The cruel winter has been kind to Oxford’s trees; it’s years since our willows looked so colourful. The water meadows and riverside walks are galleries of gold and scarlet. Their twigs always oblige with these hues as a prelude to spring, but never more brilliantly than after a long-awaited thaw. Cold assists in their colour conversion, turning stored-up sugars into pigments, which are released in a burst of vernal anticipation.

Taking their cue from the landscape, owners of several Oxfordshire estates have embraced local willows, and the old techniques for maintaining them. Not only do these trees stabilise sodden ground and mitigate floods, they’re also better-looking than anything from further afield-consider the flickering silver dance of the white willow (Salix alba) when in leaf, or the exuberance of the common osier (Salix viminalis) when, as now, it is a haze of gleaming rods. I’ve seen both introduced to marshy tracts, producing either casual scenes reminiscent of Corot or more radical, Modernist designs. Although one of the oldest and most familiar features of country life hereabouts, a channel fringed with willows and reeds can be used to construct water-framed grids of hedges and avenues, giant parterres and even spiral labyrinths.

Meanwhile, Oxford University’s gardens favour the domesticated equivalents of these wild willows. Lakes and pools are ringed with ember-red Salix alba Britzensis and S. alba var. vitellina, which looks like extruded sunshine. Away from the water’s edge, Salix daphnoides sports stems in violet-black, and its cultivar Aglaia is a thicket of polished purple-red. Then there’s Salix exigua, the coyote willow, a native of sandbanks in the wide rivers of the Wild West and one of the finest shrubs to become available in recent years. With twigs in amber and amaranth and slender silver leaves, it’s as valuable in a high-summer border (among roses, for example) as it is in a late-winter shrubbery.

With shoots in red, plum and yellow respectively, the dogwoods Cornus alba Sibirica and Kesselringii and C. sericea Flaviramea repeat the willow effect on a smaller scale. In a month or so, these and the Salix cultivars will be stooled-pruned hard to within a few inches of the ground. At the same time, the larger willows used in wider landscapes are coppiced, with last season’s branches cut off just above a low and permanent stump.

Harsh though it seems, this is the best way to ensure next winter’s crop of painted wands. It also keeps these otherwise unruly trees and shrubs within bounds. On drier ground, two equally vivid specimens require only light pruning in mid to late spring. These are Cornus sanguinea Mid-winter Fire, a smaller, shrubbier, coral-and-flame dogwood, and Acer palmatum Sango-kaku, a Japanese maple whose leafless frame runs lacquer red.

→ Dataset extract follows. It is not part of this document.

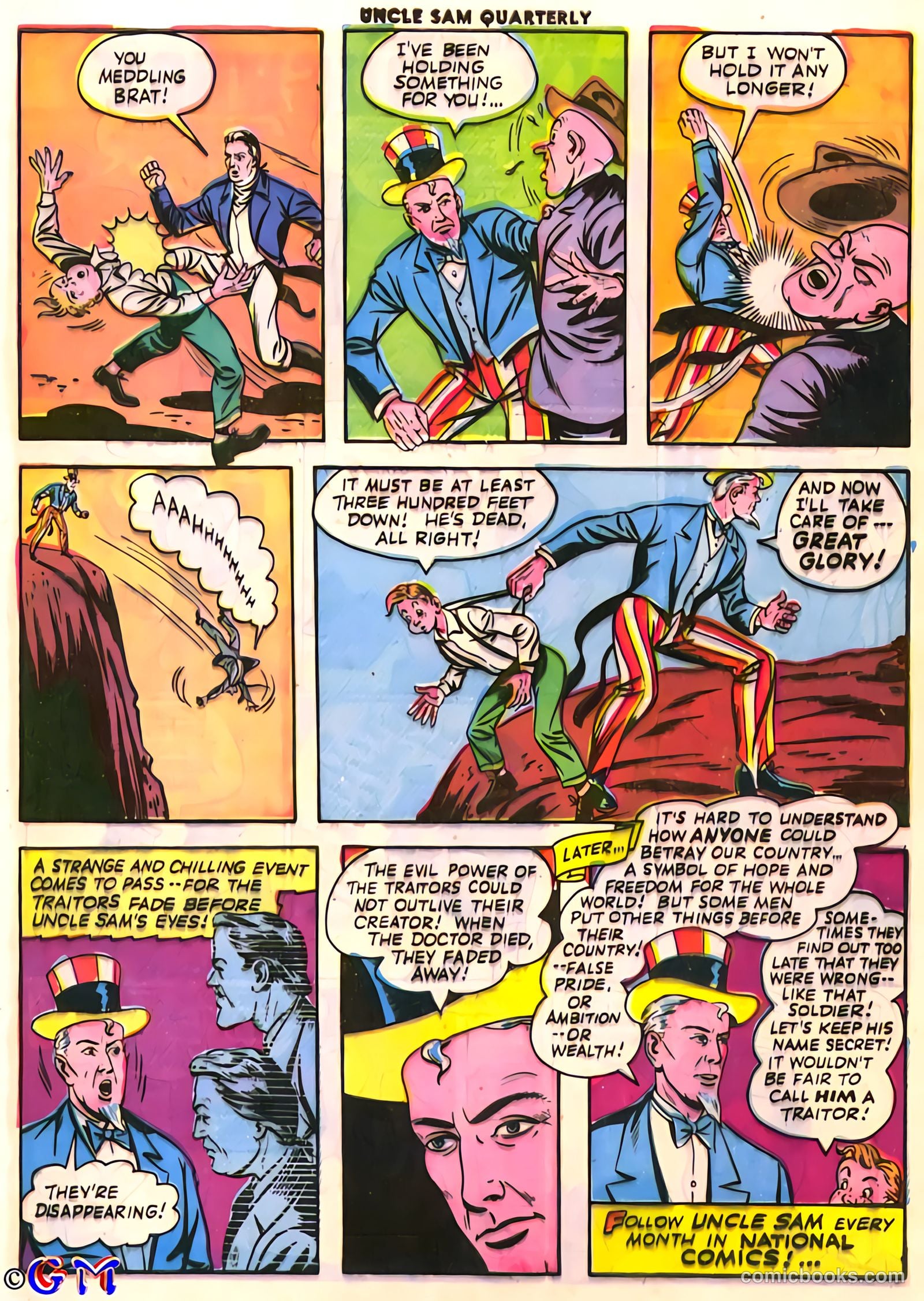 Uncle Sam Quarterly #8 (1943) — page 17 of 60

In gardens, these shrubs are by no means confined to the water margin-they will flourish anywhere that’s reasonably damp. In non-aquatic sites, they do, however, cry out for underplanting, being brilliant but bare. There are some obvious candidates-snowdrops, scillas, winter aconites and Arum italicum Marmoratum; grassy evergreens such as the variegated sedge Carex Ice Dance and the golden woodrush Luzula sylvatica Aurea; Bergenia cultivars with cold-burnished leaves such as Overture and Sunningdale, and all hellebores without exception.

In addition to these, Oxford’s shrubberies are carpeted with linctus-scented winter heliotrope (Petasites fragrans), and Pachyphragma macrophyllum, an underused groundcover with dark green foliage and sprigs of snowy flowers. Loveliest of all is Lathyrus vernus, a free-standing perennial pea whose finely cut foliage arises the moment winter retreats. Its flowers shift with age through rose, purple and kingfisher blue, until finally they fade, leaving you to declare with mixed regret and relief that spring has truly arrived and that it’s time to start stooling the willows and dogwoods.